Your instructions. Omit any picture, and return the remaining data exactly as written.

Information provided.
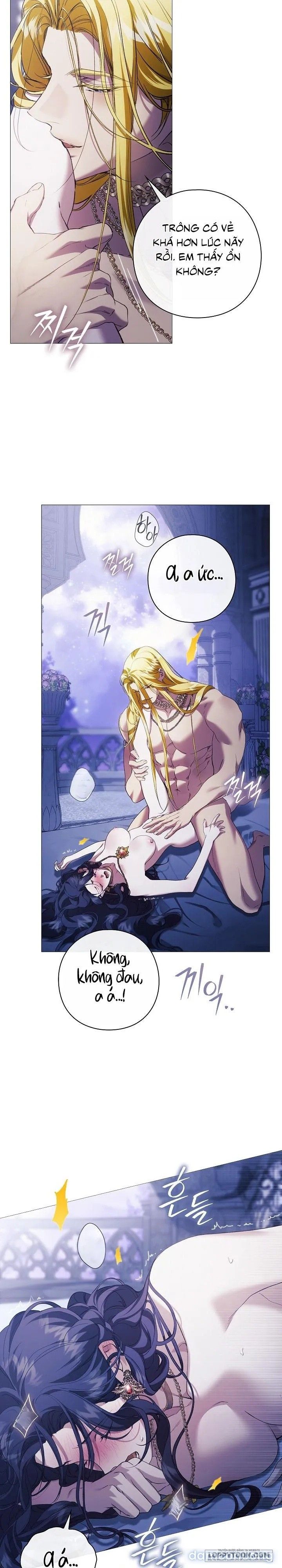 đọc truyện [19+] Dành Cho Các Nữ Thần: Dành Cho Daphne Chương 16 ảnh 29 tại Thiên Thai Truyện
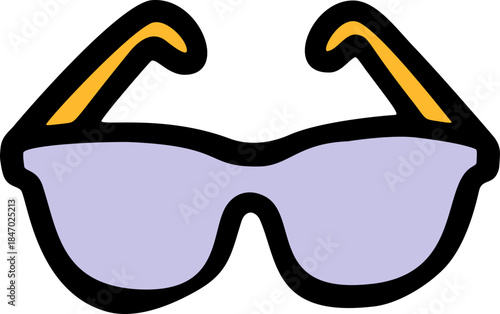Doodle Sunglasses Icon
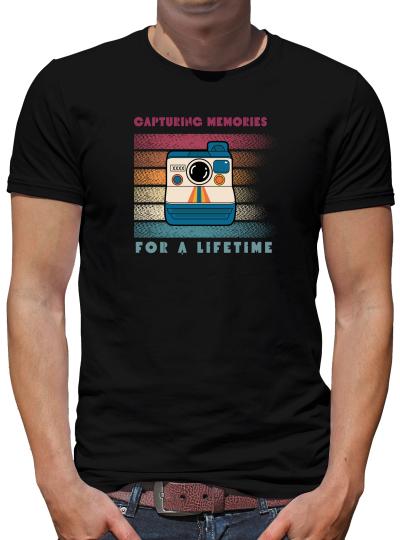 TShirt-People Capturing Memories T-Shirt Herren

The completed task.
 đọc truyện [19+] Dành Cho Các Nữ Thần: Dành Cho Daphne Chương 16 ảnh 29 tại Thiên Thai Truyện
Doodle Sunglasses Icon
 TShirt-People Capturing Memories T-Shirt Herren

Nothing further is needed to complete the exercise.